U.S. Supreme Court restrains SEC disgorgement powers


Earlier this month, a unanimous Supreme Court of the United States held [PDF] that in SEC enforcement proceedings, claims for disgorgement must be commenced with five years of the date the claim accrued. In Kokesh v. Securities and Exchange Commission, No. 16–529, the SEC commenced an enforcement action in late 2009 in Federal District Court alleging that Charles Kokesh, an owner of two investment-adviser firms, misappropriated US$34.9 million through his firms between 1995 and 2009. The SEC also alleged the filing of false and misleading SEC reports and proxy statements in connection with such misappropriation. 

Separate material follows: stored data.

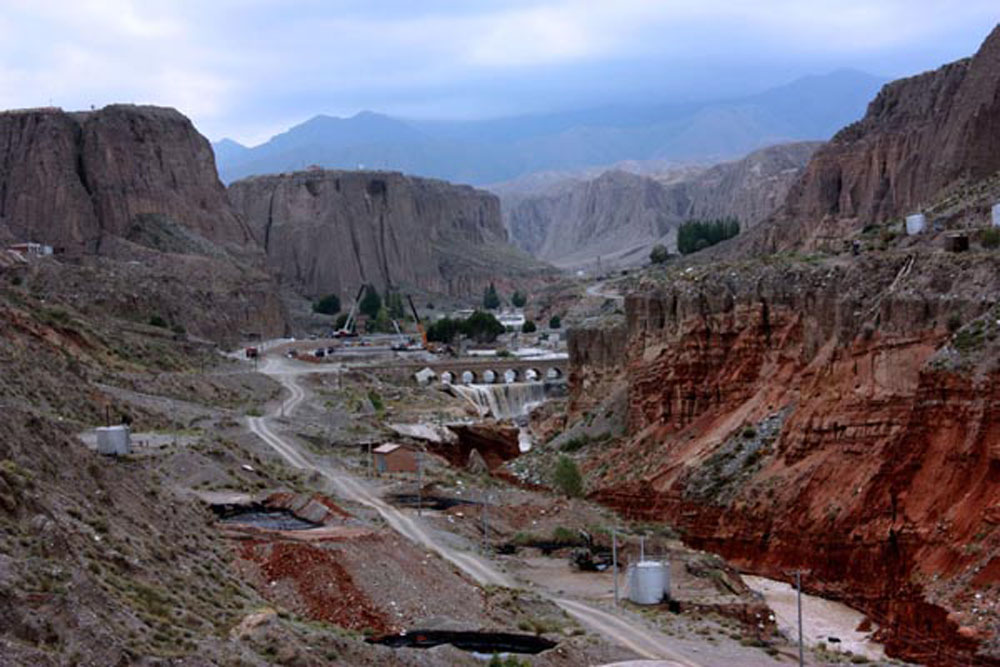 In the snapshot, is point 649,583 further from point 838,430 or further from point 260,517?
point 838,430

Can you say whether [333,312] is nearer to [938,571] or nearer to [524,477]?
[524,477]

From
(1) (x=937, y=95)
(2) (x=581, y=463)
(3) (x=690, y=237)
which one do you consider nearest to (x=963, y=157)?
(1) (x=937, y=95)

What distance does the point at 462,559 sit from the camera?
38.2m

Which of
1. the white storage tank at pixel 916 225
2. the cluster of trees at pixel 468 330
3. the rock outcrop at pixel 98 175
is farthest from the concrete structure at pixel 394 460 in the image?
the cluster of trees at pixel 468 330

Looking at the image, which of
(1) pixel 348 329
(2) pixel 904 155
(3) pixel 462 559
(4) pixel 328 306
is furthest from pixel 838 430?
(4) pixel 328 306

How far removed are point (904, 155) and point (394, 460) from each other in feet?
208

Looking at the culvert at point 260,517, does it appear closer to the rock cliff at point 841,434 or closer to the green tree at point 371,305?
the rock cliff at point 841,434

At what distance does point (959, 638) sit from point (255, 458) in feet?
78.5

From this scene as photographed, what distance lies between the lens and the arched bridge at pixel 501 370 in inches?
4609

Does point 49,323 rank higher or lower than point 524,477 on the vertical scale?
higher

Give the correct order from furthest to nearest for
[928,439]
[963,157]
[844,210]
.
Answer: [844,210] < [963,157] < [928,439]

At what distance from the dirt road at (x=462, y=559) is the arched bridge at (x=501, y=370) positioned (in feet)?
167

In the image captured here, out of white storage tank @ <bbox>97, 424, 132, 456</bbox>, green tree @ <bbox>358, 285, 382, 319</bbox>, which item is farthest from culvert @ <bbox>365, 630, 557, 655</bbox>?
green tree @ <bbox>358, 285, 382, 319</bbox>

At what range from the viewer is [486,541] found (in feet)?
137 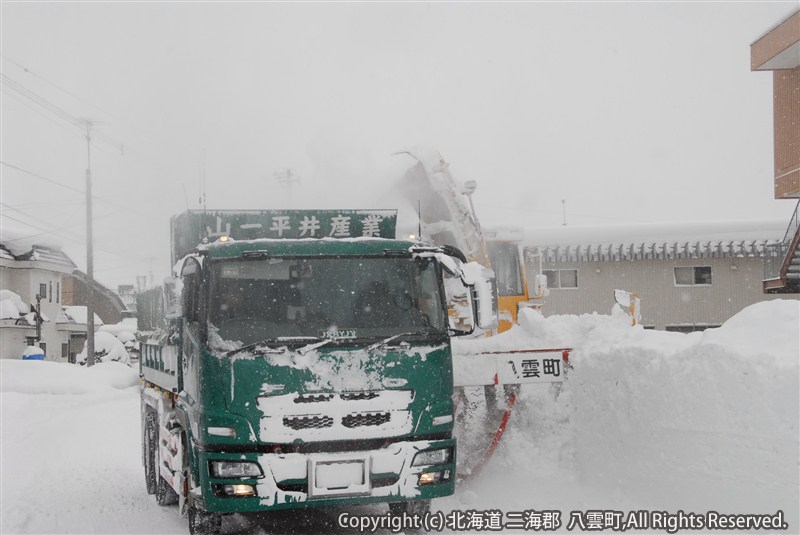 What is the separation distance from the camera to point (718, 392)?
7406mm

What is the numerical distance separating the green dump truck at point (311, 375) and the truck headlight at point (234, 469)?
0.01 m

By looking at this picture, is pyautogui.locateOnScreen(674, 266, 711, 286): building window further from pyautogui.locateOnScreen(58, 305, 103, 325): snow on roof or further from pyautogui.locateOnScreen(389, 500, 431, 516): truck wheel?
pyautogui.locateOnScreen(58, 305, 103, 325): snow on roof

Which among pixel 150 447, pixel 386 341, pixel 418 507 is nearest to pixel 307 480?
pixel 386 341

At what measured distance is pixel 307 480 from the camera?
248 inches

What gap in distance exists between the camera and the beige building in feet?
106

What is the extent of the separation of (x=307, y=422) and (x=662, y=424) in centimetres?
374

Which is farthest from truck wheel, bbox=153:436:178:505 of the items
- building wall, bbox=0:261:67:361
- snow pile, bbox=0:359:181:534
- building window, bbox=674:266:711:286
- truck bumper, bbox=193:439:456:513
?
building wall, bbox=0:261:67:361

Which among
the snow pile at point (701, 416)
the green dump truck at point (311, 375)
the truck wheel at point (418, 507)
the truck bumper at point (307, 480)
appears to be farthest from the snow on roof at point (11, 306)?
the truck bumper at point (307, 480)

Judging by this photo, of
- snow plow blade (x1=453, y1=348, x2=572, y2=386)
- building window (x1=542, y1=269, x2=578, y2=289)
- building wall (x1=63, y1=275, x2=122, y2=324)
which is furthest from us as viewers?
building wall (x1=63, y1=275, x2=122, y2=324)

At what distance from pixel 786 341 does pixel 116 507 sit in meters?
7.16

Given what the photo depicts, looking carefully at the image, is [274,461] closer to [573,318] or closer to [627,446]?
[627,446]

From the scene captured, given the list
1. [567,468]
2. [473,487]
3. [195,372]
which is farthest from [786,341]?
[195,372]

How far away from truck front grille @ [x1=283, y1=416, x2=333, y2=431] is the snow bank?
23698mm

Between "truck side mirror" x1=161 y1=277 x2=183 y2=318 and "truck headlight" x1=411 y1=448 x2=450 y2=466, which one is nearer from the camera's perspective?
"truck headlight" x1=411 y1=448 x2=450 y2=466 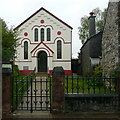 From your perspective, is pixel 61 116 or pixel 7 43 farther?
pixel 7 43

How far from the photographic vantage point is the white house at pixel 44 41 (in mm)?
24734

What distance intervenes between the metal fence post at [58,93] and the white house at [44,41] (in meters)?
18.0

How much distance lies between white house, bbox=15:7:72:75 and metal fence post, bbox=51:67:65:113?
18.0 meters

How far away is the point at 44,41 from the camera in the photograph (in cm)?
2483

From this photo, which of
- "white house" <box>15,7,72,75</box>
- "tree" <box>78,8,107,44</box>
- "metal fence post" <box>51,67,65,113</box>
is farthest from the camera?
"tree" <box>78,8,107,44</box>

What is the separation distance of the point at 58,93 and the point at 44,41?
18.9m

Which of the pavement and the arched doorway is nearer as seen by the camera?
the pavement

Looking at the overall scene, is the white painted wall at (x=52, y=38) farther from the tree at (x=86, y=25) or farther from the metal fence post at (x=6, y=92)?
the metal fence post at (x=6, y=92)

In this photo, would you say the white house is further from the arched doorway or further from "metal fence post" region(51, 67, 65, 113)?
"metal fence post" region(51, 67, 65, 113)

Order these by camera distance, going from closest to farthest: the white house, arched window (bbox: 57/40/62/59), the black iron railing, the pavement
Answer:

The SEC sought monetary civil penalties, disgorgement, and an injunction barring Kokesh from future violations. A jury found that Kokesh’s actions violated several securities laws and the District Court held that the 5-year limitation period in 28 U.S.C. § 2462 applied to the monetary civil penalties. In order to apply the limitation period to disgorgement, the remedy sought must qualify as either a fine, penalty or forfeiture pursuant to the provisions of the statute. The District Court decided (and the Tenth Circuit affirmed) that disgorgement is not a fine, penalty or forfeiture within the meaning of the statute and as such, is not subject to the 5-year limitation period. The lower courts thus ordered disgorgement of US$34.9 million and a civil penalty of US$2.4 million which represented the amount of funds that Kokesh had received during the five-year limitation period.

In contrast, the Supreme Court of the United States decided that disgorgement constitutes a “penalty”. The U.S. Supreme Court held the following:

SEC disgorgement thus bears all the hallmarks of a penalty: It is imposed as a consequence of violating a public law and it is intended to deter, not to compensate. The 5-year statute of limitations in §2462 therefore applies when the SEC seeks disgorgement.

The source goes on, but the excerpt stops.